Set of scripts used to analyze intrarectal and intravenous barcode data from infection of macaques with SIVmac239M.
With this set of scripts, you will be required to use Jupyter Notebook. Jupyter Notebook is free to download, and we recommend downloading Anaconda Navigator and using Anaconda to access Jupyter Notebook. Anaconda Navigator is available at: https://www.anaconda.com/products/individual
There are multiple scripts included in this repository, and each one is used for different reasons.
This script takes an input of a csv file listing barcode names, counts, and frequencies, from a single sample. The script we used for barcode data acquisition was kindly provided to us by the Keele lab at NCI-Frederick. We were able to use the output from their R script to feed directly into this script. It manipulates and organizes the data before calculating Simpson's Diversity Index for each sample and compiling it into a single csv that can be opened in Excel if you would like to make personal manipulations to the output. The output will tell you the name of the file the data was drawn from (For example, "animal1_day1") as well as a Simpson's Diversity index value. These values will range between 0 and 1, with 0 indicating minimum possible diversity and evenness within the sample, while 1 indicates maximum possible diversity and evenness within the sample.
This script will take a FASTQ input and output a list of nucleotide sequences for a desired region. In this case, I wanted to extract Nef RM9. This script was modified from the Zequencer Zika virus sequence analysis software developed by Dr. Dave O'Connor's lab at the University of Wisconsin-Madison. The original script is documented and provided at https://bitbucket.org/dhoconno/zequencer/src/master/.

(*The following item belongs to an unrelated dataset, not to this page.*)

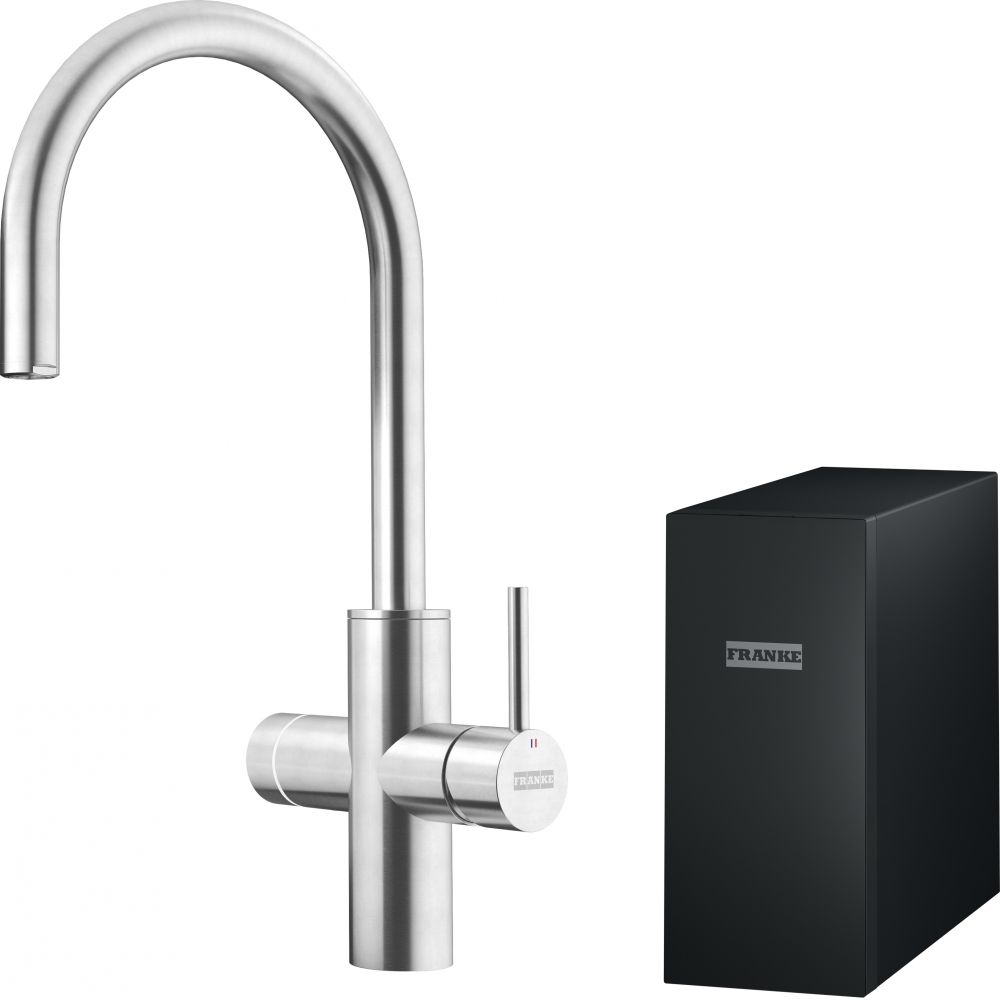 Franke Mythos Water Hub Sparkling Küchenarmatur Stehend edelstahl 160.0708.955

This script is nearly identical to the aforementioned Nef RM9 counts script--the only difference is in this case, I wanted to extract Gag GW9.

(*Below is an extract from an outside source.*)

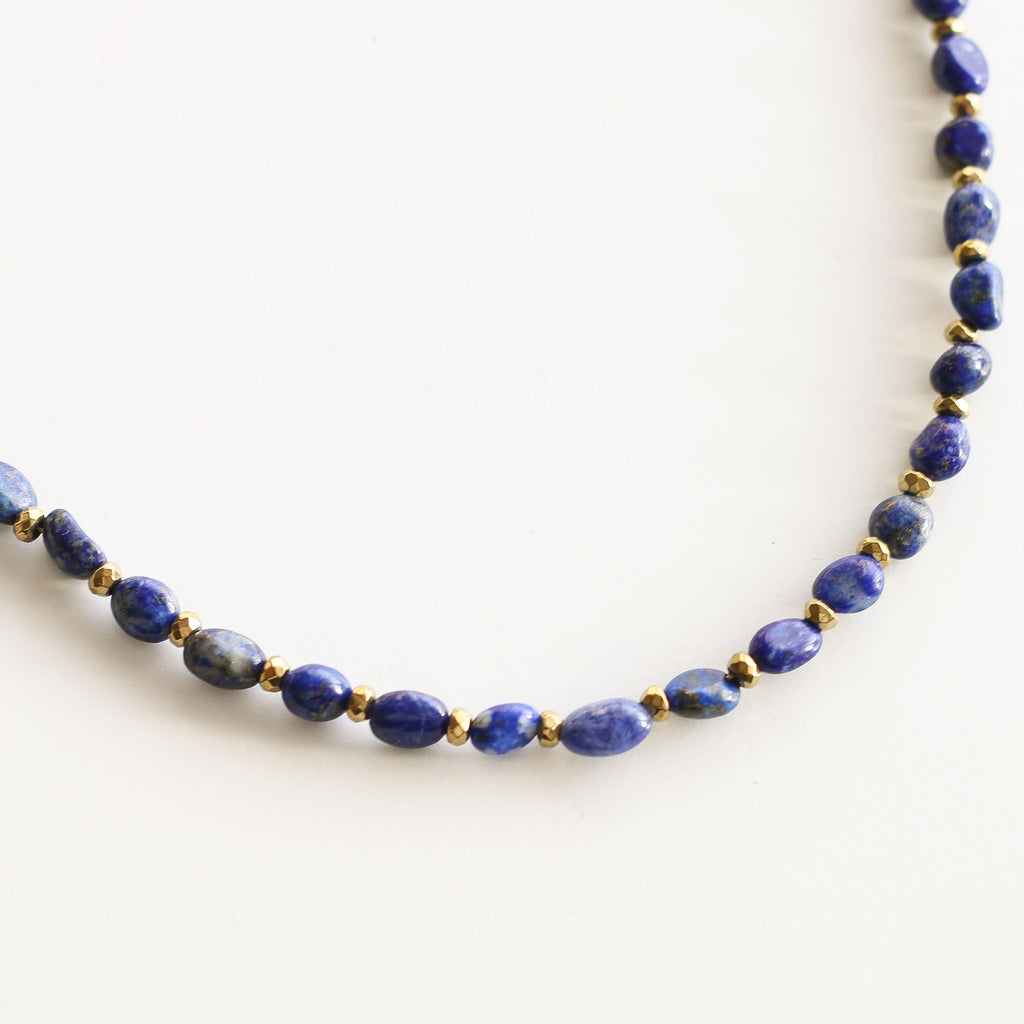 bijou lapis lazuli pierre créatrice collier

This script takes the output from either the Nef RM9 counts file, or the Gag GW9 counts file (which is the nucleotide sequence to the desired region), and outputs an organized listing of amino acid sequences and their counts. So, you would first use either the Nef RM9 counts file, or the Gag GW9 counts script, and then you would use this script to tidy up the data and identify amino acid sequences and their counts.
This script takes an input FASTQ file and outputs a list of barcodes and the corresponding Tat SL8 epitope sequence linked to that barcode. Note: this is linkage data. Therefore, the output provided ONLY links barcodes to the Tat SL8 sequences tht were found on the exact same read. This is not a general count of barcodes and sequences, but a more specific linkage between barcodes and the corresponding Tat SL8 sequences.